EXERCISE: Only the lines from the one with "Versace glasses - Picture 3 of 5" through the last belong in the output; print them exactly as given below.

Dataset entries:
○ ○ ○ ○

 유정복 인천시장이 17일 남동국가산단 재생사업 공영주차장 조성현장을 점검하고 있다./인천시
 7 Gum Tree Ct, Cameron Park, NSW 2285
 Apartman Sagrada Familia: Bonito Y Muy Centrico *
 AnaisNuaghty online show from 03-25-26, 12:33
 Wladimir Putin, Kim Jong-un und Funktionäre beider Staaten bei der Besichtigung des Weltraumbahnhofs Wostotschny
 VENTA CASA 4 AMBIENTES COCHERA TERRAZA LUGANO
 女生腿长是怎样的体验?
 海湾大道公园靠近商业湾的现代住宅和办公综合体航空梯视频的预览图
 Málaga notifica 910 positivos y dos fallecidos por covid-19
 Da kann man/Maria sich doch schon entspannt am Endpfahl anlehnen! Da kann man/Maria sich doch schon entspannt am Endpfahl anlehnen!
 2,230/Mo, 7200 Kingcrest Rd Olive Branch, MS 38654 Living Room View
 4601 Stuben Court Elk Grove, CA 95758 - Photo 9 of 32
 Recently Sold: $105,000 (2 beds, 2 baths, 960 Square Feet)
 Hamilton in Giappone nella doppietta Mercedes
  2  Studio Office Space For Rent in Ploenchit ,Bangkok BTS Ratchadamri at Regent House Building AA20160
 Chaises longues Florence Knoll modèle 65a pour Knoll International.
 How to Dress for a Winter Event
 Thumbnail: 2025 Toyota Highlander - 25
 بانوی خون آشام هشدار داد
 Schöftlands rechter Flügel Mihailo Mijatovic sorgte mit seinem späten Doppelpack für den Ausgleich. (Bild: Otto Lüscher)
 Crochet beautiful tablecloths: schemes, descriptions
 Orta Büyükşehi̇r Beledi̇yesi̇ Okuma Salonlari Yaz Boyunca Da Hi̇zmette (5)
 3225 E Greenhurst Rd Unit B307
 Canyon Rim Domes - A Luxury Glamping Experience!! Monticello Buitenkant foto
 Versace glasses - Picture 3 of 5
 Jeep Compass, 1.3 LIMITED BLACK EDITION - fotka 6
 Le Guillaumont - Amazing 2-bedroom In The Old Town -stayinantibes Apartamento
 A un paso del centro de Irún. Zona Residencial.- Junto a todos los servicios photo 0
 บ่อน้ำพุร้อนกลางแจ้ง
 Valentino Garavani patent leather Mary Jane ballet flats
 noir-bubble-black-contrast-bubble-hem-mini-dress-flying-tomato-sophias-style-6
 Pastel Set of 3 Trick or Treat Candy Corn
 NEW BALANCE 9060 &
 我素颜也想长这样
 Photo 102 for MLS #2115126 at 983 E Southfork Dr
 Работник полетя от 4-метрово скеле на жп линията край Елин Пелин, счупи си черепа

○ ○ ○ ○

EXPECTED ANSWER:
 Versace glasses - Picture 3 of 5
 Jeep Compass, 1.3 LIMITED BLACK EDITION - fotka 6
 Le Guillaumont - Amazing 2-bedroom In The Old Town -stayinantibes Apartamento
 A un paso del centro de Irún. Zona Residencial.- Junto a todos los servicios photo 0
 บ่อน้ำพุร้อนกลางแจ้ง
 Valentino Garavani patent leather Mary Jane ballet flats
 noir-bubble-black-contrast-bubble-hem-mini-dress-flying-tomato-sophias-style-6
 Pastel Set of 3 Trick or Treat Candy Corn
 NEW BALANCE 9060 &
 我素颜也想长这样
 Photo 102 for MLS #2115126 at 983 E Southfork Dr
 Работник полетя от 4-метрово скеле на жп линията край Елин Пелин, счупи си черепа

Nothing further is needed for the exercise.